Of the material below, the lines to be retyped are those from the line containing "Funda para Móvil" through the line containing "2021 Suzuki GSX-R1000R", inclusive; reproduce them exactly.

══ Supplied material ══

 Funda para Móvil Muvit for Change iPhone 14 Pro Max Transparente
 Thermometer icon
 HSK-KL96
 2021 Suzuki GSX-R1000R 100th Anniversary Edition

═══
══ Supplied material ══

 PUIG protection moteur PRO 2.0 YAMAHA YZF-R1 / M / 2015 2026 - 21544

═══

#### [Solution to this problem]
 Funda para Móvil Muvit for Change iPhone 14 Pro Max Transparente
 Thermometer icon
 HSK-KL96
 2021 Suzuki GSX-R1000R 100th Anniversary Edition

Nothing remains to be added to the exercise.